We have a fresh example of what can be achieved by fast-tracking discoveries in healthcare: Covid-19 vaccines. "Operation Warp Speed was using ARPA-like principles," said Might. "It showed that in a moment of crisis, institutions like NIH can think in an ARPA-like way. So now the question is, why don't we do that all the time?"
But applying the DARPA model to health involves several challenging decisions. I asked experts what could be the hardest question facing advocates of ARPA-H: which health problems it should seek to address. "All the wonderful choices lead to the problem of which ones to choose and prioritize," said Sudip Parikh, CEO of the American Association for the Advancement of Science and executive publisher of the Science family of journals. "There is no objectively right answer."
The Agency of Urgency
ARPA-H will borrow at least three critical ingredients from DARPA: goal-oriented project managers, many from industry; aggressive public-private partnerships; and collaboration among fields that don't always interact.

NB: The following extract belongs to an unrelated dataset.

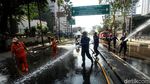 Petugas PPSU dan Damkar Bersih-bersih Jalan Wahid Hasyim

The DARPA concept has been applied to other purposes, including energy and homeland security, with promising results. "We're learning that 'ARPA-ism' is a franchisable model," said Might, a former principal investigator on DARPA projects.
The federal government already pours billions of dollars into advancing research on life-threatening diseases, with much of it channeled through the National Institutes of Health. But the purpose of ARPA-H "isn't just the usual suspects that NIH would fund," said David Walt, a Harvard biochemist, an innovator in gene sequencing and former chair of DARPA's Defense Science Research Council. Whereas some NIH-funded studies aim to gradually improve our understanding of diseases, ARPA-H projects will give full focus to real-world applications; they'll use essential findings from NIH research as starting points, drawing from them to rapidly engineer new technologies that could save lives.
And, ultimately, billions in healthcare costs, if ARPA-H lives up to its predecessor's track record; DARPA's breakthroughs have been economic game-changers, while its fail-fast approach—quickly pulling the plug on projects that aren't panning out—helps to avoid sunken costs. ARPA-H could fuel activities similar to the human genome project, which used existing research to map the base pairs that make up DNA, opening new doors for the biotech industry, sparking economic growth and creating hundreds of thousands of new jobs.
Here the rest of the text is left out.